> _Task brief_:
In the records below, find the line that contains "Falling In ..." and repeat it, along with each line after it, exactly as written.
*** Opening of Available data ***
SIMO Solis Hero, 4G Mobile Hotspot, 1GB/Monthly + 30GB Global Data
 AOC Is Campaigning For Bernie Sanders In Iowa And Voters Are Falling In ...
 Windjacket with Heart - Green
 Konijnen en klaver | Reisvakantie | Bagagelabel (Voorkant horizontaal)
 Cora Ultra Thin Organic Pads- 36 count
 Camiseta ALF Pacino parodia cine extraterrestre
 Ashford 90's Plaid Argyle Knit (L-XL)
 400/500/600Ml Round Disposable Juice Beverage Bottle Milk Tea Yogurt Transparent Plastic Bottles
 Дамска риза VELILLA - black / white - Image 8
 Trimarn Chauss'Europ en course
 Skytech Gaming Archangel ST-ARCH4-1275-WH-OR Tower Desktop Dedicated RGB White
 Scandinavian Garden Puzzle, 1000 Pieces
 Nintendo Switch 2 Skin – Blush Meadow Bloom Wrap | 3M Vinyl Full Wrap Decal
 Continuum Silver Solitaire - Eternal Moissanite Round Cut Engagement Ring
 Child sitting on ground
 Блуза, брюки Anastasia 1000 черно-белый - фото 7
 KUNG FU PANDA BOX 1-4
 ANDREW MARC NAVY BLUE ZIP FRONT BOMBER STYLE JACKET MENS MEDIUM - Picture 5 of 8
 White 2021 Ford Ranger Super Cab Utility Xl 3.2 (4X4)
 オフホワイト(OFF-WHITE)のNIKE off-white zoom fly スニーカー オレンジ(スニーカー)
*** Close of Available data ***
> _Written response_:
 AOC Is Campaigning For Bernie Sanders In Iowa And Voters Are Falling In ...
 Windjacket with Heart - Green
 Konijnen en klaver | Reisvakantie | Bagagelabel (Voorkant horizontaal)
 Cora Ultra Thin Organic Pads- 36 count
 Camiseta ALF Pacino parodia cine extraterrestre
 Ashford 90's Plaid Argyle Knit (L-XL)
 400/500/600Ml Round Disposable Juice Beverage Bottle Milk Tea Yogurt Transparent Plastic Bottles
 Дамска риза VELILLA - black / white - Image 8
 Trimarn Chauss'Europ en course
 Skytech Gaming Archangel ST-ARCH4-1275-WH-OR Tower Desktop Dedicated RGB White
 Scandinavian Garden Puzzle, 1000 Pieces
 Nintendo Switch 2 Skin – Blush Meadow Bloom Wrap | 3M Vinyl Full Wrap Decal
 Continuum Silver Solitaire - Eternal Moissanite Round Cut Engagement Ring
 Child sitting on ground
 Блуза, брюки Anastasia 1000 черно-белый - фото 7
 KUNG FU PANDA BOX 1-4
 ANDREW MARC NAVY BLUE ZIP FRONT BOMBER STYLE JACKET MENS MEDIUM - Picture 5 of 8
 White 2021 Ford Ranger Super Cab Utility Xl 3.2 (4X4)
 オフホワイト(OFF-WHITE)のNIKE off-white zoom fly スニーカー オレンジ(スニーカー)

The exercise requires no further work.